Il linguaggio della fotografia ha una dimensione introiettiva, laddove l’immagine si interroga su sé stessa verificando la sua autonomia dall’interno, e un’attitudine estroversiva, che, al contrario, pone in atto la commistione con altri media. La fotografia di Paolo Mussat Sartor (nato a Torino nel 1947) si inserisce all’interno della prima tendenza: la sua è una fotografia in progress, alla quale riesce, come sostiene Giulio Paolini, “un processo di formazione fisiologico”. Gli scatti sono dotati di un’intensa qualità pittorica, che li fa vibrare di luci e di illuminazioni fugaci, talora impreviste, sotto alle quali resta, irrisolto, un fondo enigmatico.
Le prime collaborazioni con il gallerista Gian Enzo Sperone, negli anni ’60, consentono a Sartor di venire a contatto con gli esponenti dell’arte concettuale, ai quali è ispirato un ciclo fotografico. Successivamente il percorso di lavoro si snoda anche attraverso collaborazioni con riviste, sviluppando un linguaggio forte che si irraggia in diverse tematiche.
Il titolo della mostra antologica, Viaggio continuo, allude alla dimensione del viaggio come pre-testo, come formazione continua e arricchimento di esperienza all’interno di una dimensione culturale autentica: esso è dunque un’avventura della mente, indica una situazione esistenziale intesa come progetto e processo continuo. La fotografia appare una metodica di vita, l’obiettivo (spesso l’artista usa tre, perfino cinque macchine fotografiche insieme, riprendendo lo stesso soggetto da punti di vista differenti) sa dire molto sulla natura profonda dell’immagine che implica la completa adesione percettiva al soggetto lasciando sempre trapelare un fondo di mistero. In questo modo emerge la natura problematica della fotografia e anche il dettaglio più insignificante risulta formativo.

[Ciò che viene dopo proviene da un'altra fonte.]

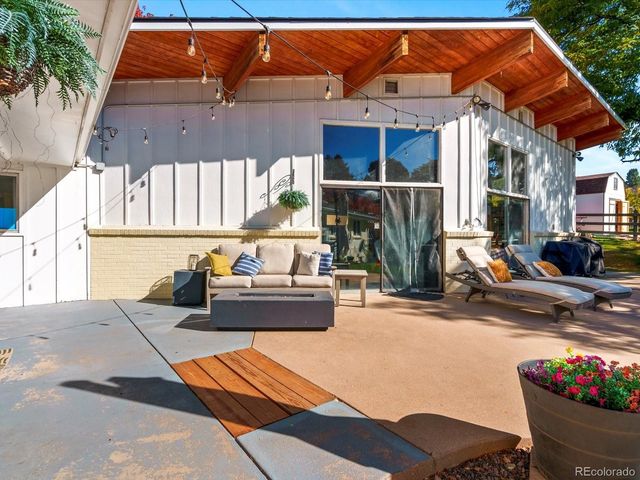 8566 E Lehigh Avenue, Denver, CO 80237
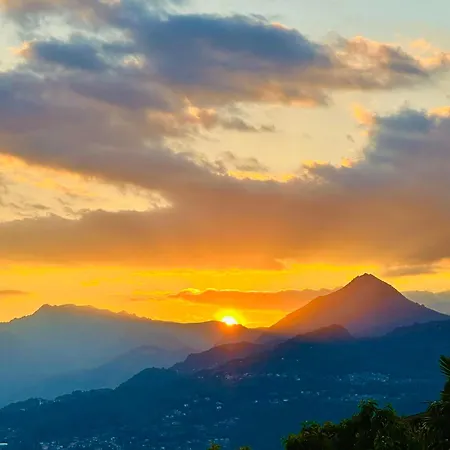 Tatil Evi Le Palm House Has Two Bedrooms With The Breathtaking View Over Perledo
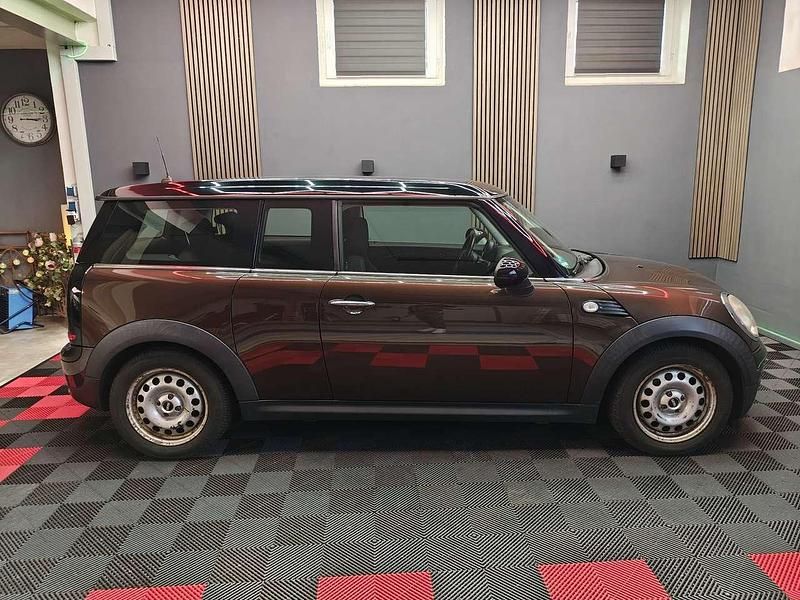 Gebraucht Mini Cooper D Clubman 109 PS (80 kW) 2010 Hot chocolate Kombi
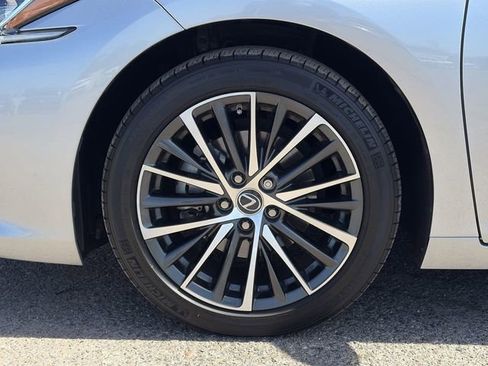 Used 2023 Lexus ES 350 w/ Premium Package image 10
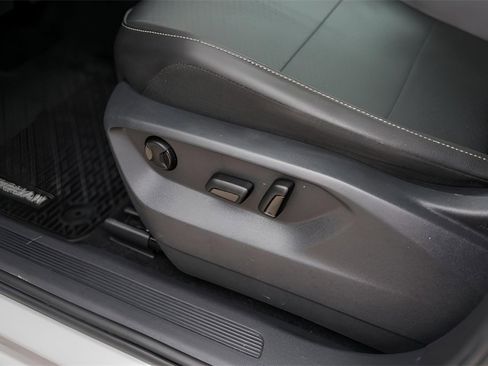 Used 2020 Volkswagen Tiguan SE w/ Panoramic Sunroof Package image 11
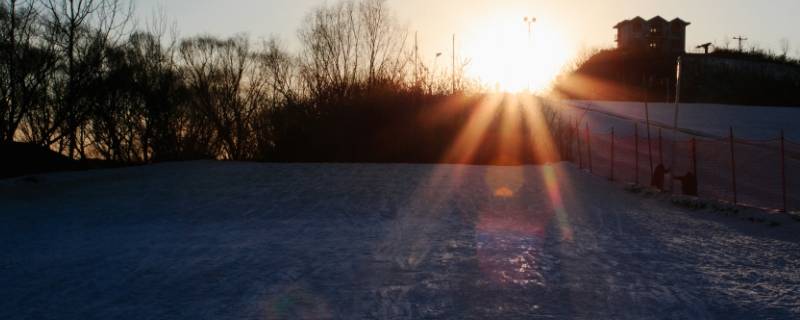 冬天天黑的早还是夏天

È il caso, ad esempio, delle Figure, o delle Gambe, che si stagliano con prepotenza dal fondo nero, ponendo in evidenza, attraverso il contrasto cromatico, particolari che assumono una consistenza quasi scenografica, in un grande equilibrio formale. Negli Asimmetrici, l’armonia nasce proprio dal disassamento, che induce lo sguardo verso altrove. In alcune immagini di piccolo formato sono rappresentate sezioni di frutti, un melograno, un’arancia, un fungo, quasi a voler sottolineare il bisogno di entrare negli strati più profondi della realtà, interrogandola. È come se Mussat Sartor, attraverso il dettaglio, volesse richiamare lo sguardo ad andare oltre la superficie, penetrando tra le maglie della realtà per coglierne gli umori più profondi.